Monday, June 1, 2015
Weekly Opinion Editorial
by Steve Fair
On October 26, 2001, just over a month after the 9/11 attacks, Congress passed and President George W. Bush signed into the law The Patriot Act. It was designed to help law enforcement have the tools to identify and track terrorists. Key tenets of the 2001 Patriot Act included allowing government the authority to intercept wire, oral, and electronic communications relating to terrorism. It also allowed law enforcement to wiretap suspected terrorists with no court order. It also required that banks report to the government any large withdrawals from bank accounts. Perhaps the most controversial part of the Patriot Act was the bulk data (cell phone/computer usage) the NSA was authorized to collect from the general public and hold it for five years.
Most of the general public was unaware of just how extensive the collecting was until former CIA computer worker Edward Snowden leaked classified documents to the main stream media. Snowden has been charged with violation of the Espionage Act, but he considers himself a whistle-blower. He has been granted temporary asylum in Russia. Some have hailed Snowden as a hero, others a traitor, but whatever your opinion, it is for certain, the government was collecting massive amount of personal information on innocent citizens without their knowledge and we might not have known if Snowden hadn’t ratted on his former employer.
On Sunday night, the U.S. Senate voted allowed the Patriot Act to expire. The U.S. House has already passed a bill- USA Freedom Act- that would shift the data collection from the government to the service providers. The Senate voted 77-17 to take up the House bill this week. The National Security Agency supposedly shut down the bulk metadata collection program officially at 7:44 p.m. Three observations about the debate:
First, the nature of human government is to grow in scope and power. Throughout history, government, including our own, has effectively used fear to keep the folks in line. Fear works best in wartime. In the midst of the war with France, in 1798, the Alien & Sedition Act was passed which increased the residency requirements for American citizenship from five to fourteen years. Designed by Federalists to limit the power of their political opponents, the enforcement ended after Jefferson was elected president in 1800. President Lincoln suspended Habeas Corpus, the legal procedure that prevents the government from holding you indefinitely without showing cause, in the midst of the Civil War. President Roosevelt sent 100,000 Japanese Americans to internment camps after Pearl Harbor, because the general public was scared. This coming from the president who said Americans ‘had nothing to fear but fear itself.’ Government uses fear to increase their power.

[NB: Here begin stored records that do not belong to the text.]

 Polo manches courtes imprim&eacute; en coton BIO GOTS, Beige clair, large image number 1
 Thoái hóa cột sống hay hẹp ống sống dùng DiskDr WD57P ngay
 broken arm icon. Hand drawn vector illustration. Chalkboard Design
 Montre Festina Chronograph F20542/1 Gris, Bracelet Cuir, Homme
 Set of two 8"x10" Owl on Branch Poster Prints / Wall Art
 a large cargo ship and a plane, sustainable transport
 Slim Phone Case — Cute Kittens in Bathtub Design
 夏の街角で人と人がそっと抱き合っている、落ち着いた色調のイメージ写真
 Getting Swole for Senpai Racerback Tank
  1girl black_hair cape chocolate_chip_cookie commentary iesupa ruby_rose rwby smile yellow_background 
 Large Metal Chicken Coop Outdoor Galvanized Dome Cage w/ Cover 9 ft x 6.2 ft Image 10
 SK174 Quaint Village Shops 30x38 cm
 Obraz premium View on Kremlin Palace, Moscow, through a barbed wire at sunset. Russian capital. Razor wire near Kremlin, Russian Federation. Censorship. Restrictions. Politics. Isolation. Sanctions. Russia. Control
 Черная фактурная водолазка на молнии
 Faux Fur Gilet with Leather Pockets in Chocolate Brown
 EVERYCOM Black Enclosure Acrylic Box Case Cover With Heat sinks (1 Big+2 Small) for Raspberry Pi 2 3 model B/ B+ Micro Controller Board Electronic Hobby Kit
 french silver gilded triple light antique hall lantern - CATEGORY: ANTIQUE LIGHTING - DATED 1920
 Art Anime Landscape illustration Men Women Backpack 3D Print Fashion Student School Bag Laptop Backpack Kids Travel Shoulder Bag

Second, government isn’t the only group to use fear as a tool. Politicians use it- on both sides of the aisle. Conservative politicos tell citizens to fear the government's overreaching authority. Liberals say citizens should fear the conservatives. Debates on issues have evolved into carefully rehearsed speeches pandering to a political base, used to position for re-election or higher office. During the recent debate on the Patriot Act, both sides of the political spectrum used fear as the primary point in their argument. And using fear works. According to a 2005 Gallup poll, teens between 13-17 were asked what they feared most and the top ten in order were: terrorist attacks, spiders, death, being a failure, war, crime or gang violence, being alone, the future, and nuclear war.
Third, what and who should we fear? Should we fear those who can kill us? That would make sense. We should have the God given right to defend ourselves and our loved ones against anyone who wants to kill us. Should we fear those who can disrupt our way of life- hurt us economically? That also seems to make sense, but how do we deal with dishonest merchants and overreaching government? How do we identify those economic enemies? Fear is a human mechanism that can protect us or debilitate us, depending on how we respond to it.It is clear from scripture that government is given the ‘power of the sword,(Romans 13)’ to provide citizens some measure of security, but no government, politician or man can give us true security. Security comes only from God. Jesus said, “And fear not them which kill the body, but are not able to kill the soul: but rather fear him which is able to destroy both soul and body in hell.” The fear of God is the beginning of wisdom, not the fear of government or terrorists.